Copy nothing but the lines below running from the line containing "A24---lacoste---AH3225NERO_1_P.JPG" through the line containing "4 Bedroom House", both end lines included.
#### Given data
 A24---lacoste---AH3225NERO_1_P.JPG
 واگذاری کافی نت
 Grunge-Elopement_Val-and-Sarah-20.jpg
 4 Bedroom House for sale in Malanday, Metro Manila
########
#### Given data
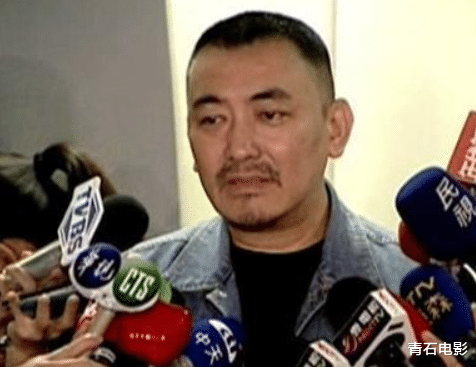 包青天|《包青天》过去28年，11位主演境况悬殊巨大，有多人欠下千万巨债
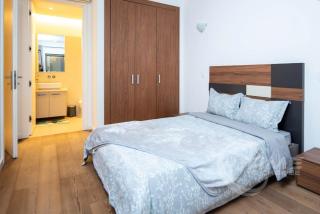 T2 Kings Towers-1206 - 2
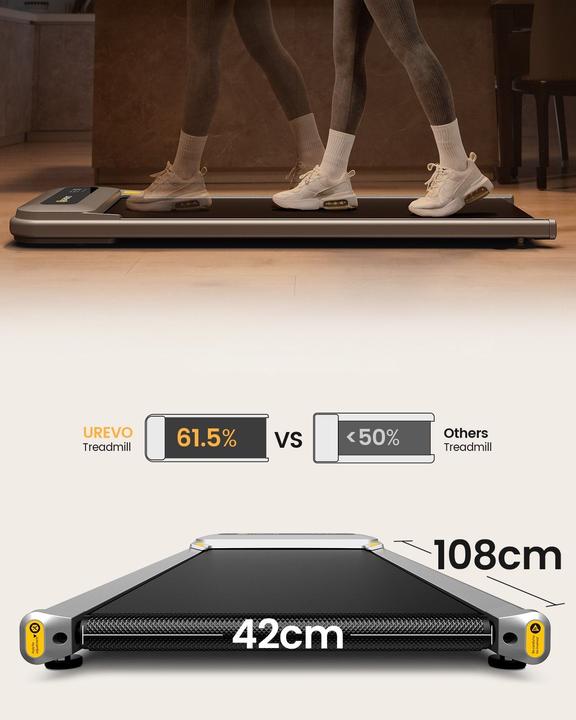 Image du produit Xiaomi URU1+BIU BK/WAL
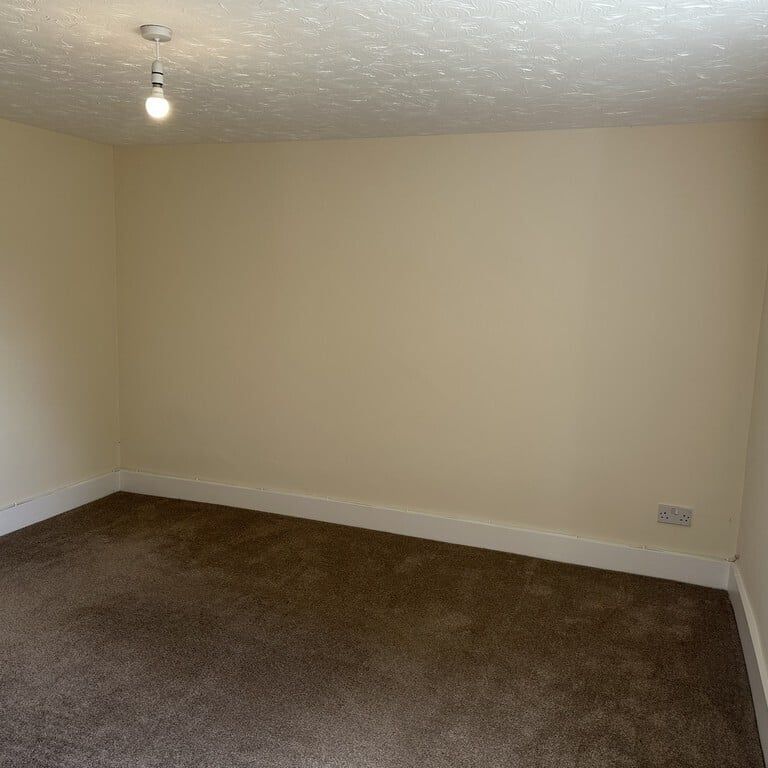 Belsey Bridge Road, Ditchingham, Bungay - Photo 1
########
» Response box
 A24---lacoste---AH3225NERO_1_P.JPG
 واگذاری کافی نت
 Grunge-Elopement_Val-and-Sarah-20.jpg
 4 Bedroom House for sale in Malanday, Metro Manila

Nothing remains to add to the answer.